Paul here turned to a brief discussion of certain objections. First, "What advantage, then, hath the Jew?" He replied, "Much, every way." He then mentioned only one, which he spoke of as being "first of all," meaning of supreme importance, "that they were entrusted with the oracles of God." Therein lay the supreme advantage of the Jew.
Then arises a new question. If man's faith fails, will God be unfaithful? To this the apostle replied that is it impossible for God to be unfaithful. The faithfulness of God is demonstrated by His unchanging attitude toward man. If man sins, God judges him; if man repents, God forgives him.
And yet still another question logically follows. If sin is the means of glorifying God by demonstrating His faithfulness, is it righteous to punish the sinner? The reply is that unless God punishes sin He has no basis on which to judge the world at all.
So far, the whole argument presents a picture of humanity from the divine viewpoint. It is so terrible in itself as to create a sense of hopelessness in us.
With the words, "but now," the apostle began the declaration of the Gospel.
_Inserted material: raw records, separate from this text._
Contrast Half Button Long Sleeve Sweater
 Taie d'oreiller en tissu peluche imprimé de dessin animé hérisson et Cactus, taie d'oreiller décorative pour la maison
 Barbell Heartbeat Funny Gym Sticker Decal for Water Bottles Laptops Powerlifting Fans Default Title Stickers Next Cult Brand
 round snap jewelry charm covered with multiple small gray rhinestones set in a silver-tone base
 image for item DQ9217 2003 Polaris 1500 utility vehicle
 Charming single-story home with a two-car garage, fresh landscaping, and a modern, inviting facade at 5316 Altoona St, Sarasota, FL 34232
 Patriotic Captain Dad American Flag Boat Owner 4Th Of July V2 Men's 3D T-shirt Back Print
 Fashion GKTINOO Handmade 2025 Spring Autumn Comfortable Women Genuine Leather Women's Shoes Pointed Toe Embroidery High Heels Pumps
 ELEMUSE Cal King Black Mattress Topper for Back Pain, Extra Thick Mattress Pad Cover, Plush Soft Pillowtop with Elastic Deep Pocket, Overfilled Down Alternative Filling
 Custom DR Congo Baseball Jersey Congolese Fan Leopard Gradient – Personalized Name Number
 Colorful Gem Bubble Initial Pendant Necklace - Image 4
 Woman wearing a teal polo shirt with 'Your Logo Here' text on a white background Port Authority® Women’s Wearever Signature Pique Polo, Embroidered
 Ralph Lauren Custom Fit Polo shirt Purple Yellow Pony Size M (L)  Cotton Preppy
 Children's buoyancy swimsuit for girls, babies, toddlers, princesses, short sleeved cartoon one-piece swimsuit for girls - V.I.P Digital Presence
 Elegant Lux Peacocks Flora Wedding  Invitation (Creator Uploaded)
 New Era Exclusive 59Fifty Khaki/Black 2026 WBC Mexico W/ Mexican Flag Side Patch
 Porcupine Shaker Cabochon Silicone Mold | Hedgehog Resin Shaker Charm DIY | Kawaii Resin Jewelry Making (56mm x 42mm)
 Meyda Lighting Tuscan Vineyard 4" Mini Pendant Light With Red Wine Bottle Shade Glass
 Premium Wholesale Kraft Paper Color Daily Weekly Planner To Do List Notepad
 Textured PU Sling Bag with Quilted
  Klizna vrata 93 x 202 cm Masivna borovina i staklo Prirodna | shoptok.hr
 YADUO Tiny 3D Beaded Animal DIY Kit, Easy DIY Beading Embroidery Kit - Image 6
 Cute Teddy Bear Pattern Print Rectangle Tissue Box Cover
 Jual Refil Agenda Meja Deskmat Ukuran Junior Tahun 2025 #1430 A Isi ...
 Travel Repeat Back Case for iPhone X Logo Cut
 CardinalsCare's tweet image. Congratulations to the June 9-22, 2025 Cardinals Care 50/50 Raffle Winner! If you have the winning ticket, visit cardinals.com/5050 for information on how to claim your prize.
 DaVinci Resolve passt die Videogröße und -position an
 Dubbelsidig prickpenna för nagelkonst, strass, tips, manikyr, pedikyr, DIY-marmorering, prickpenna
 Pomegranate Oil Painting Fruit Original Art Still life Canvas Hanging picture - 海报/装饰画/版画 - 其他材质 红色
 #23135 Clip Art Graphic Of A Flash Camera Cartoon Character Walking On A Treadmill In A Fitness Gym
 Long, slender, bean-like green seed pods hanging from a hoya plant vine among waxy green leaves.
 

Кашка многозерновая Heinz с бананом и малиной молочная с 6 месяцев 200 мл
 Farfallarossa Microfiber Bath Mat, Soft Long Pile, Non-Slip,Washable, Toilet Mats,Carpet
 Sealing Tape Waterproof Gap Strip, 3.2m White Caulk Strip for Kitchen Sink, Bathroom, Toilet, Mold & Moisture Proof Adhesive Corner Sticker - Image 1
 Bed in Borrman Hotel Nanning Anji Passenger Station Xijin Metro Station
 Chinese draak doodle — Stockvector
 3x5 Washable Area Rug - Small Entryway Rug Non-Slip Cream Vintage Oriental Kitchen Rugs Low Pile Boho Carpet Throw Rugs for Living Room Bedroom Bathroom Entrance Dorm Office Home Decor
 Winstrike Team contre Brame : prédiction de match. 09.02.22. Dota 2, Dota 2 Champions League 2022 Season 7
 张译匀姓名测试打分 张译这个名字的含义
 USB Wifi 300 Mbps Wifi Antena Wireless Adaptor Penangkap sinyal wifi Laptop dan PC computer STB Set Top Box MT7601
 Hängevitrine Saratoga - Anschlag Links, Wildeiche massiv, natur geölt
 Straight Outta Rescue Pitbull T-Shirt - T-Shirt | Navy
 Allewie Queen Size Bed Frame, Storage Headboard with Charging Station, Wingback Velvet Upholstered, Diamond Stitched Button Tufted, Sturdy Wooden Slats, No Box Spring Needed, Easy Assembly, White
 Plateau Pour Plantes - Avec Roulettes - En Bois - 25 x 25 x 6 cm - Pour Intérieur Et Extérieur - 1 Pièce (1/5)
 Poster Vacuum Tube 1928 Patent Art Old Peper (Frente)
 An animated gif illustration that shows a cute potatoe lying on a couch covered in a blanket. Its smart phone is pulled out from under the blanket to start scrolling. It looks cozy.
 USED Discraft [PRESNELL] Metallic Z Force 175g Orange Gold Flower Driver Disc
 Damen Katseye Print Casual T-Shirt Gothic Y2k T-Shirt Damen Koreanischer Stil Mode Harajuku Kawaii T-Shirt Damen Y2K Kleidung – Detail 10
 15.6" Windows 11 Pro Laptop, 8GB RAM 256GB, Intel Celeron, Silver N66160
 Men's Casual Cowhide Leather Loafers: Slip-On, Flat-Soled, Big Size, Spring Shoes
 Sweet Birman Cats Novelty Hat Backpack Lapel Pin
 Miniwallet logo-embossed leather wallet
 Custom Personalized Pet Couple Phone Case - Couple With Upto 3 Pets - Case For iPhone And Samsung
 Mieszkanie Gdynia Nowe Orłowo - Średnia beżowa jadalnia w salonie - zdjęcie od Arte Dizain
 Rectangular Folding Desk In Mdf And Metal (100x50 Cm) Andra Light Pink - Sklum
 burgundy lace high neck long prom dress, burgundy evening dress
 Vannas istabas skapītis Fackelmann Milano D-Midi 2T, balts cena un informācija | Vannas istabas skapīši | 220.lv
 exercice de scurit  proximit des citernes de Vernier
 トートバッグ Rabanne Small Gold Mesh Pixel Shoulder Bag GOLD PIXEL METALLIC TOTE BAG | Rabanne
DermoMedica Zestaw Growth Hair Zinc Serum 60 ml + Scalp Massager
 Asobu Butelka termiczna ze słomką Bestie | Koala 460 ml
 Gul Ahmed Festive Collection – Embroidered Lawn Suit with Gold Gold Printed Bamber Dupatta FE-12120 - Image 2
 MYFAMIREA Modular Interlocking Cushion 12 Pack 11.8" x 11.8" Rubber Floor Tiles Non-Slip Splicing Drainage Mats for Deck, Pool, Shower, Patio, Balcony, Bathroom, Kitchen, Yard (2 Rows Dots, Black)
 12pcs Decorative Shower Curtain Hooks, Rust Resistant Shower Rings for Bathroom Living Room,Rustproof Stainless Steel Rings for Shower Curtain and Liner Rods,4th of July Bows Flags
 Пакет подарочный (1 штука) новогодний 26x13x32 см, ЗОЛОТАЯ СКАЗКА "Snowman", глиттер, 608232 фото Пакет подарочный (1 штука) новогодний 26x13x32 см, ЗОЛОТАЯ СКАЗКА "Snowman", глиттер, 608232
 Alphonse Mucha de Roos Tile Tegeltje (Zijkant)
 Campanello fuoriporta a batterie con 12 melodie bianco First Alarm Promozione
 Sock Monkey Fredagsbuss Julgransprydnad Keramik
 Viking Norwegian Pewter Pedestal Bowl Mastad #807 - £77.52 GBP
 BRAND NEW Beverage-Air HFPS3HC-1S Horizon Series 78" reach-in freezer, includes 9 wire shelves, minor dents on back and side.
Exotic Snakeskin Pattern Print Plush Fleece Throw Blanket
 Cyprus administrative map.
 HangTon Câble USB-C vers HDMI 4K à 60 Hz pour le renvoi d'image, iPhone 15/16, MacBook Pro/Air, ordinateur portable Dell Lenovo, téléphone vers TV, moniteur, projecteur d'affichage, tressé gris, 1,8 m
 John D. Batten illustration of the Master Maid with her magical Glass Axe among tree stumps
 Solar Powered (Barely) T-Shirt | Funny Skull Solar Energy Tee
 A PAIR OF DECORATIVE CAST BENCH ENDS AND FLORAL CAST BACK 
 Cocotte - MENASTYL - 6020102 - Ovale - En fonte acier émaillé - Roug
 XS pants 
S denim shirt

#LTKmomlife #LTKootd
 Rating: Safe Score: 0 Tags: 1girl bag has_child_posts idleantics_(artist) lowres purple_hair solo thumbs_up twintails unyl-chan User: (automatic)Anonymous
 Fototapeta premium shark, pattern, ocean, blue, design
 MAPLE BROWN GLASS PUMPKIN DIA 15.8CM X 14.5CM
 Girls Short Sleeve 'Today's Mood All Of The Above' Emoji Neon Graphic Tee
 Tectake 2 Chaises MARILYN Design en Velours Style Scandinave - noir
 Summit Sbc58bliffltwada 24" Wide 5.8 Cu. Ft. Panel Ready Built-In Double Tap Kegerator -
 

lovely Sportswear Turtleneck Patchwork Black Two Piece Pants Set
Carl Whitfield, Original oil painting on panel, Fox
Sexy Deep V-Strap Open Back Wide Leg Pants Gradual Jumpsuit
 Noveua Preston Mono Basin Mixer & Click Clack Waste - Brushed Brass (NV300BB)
The whole is summarized in the statement that "a righteousness of God ha& been manifested." This righteousness of God is at the disposal of those who believe.
The apostle then told of the great provision of grace by first naming the foundation blessing, or justification, "by His grace"; and then announcing the medium through which grace has operated to that end, "the redemption," a word fraught with infinite meaning, to be more fully unfolded as the argument proceeds; and finally naming the Person, "Christ Jesus," who has accomplished the work of redemption, which issues in the justification of the sinner.
The work of the Cross is set at the heart of this Evangel of salvation, and is seen to be a fulfilment of God's purpose, by God's Son, for the vindication of God's righteousness, in the action of God's forbearance.
The result is now set forth in a statement that is as startling as it is gracious: "That He might Himself be just," or righteous; "and the Justifier," or the One who accounts as righteous "him that hath faith in Jesus." This is the glorious Evangel.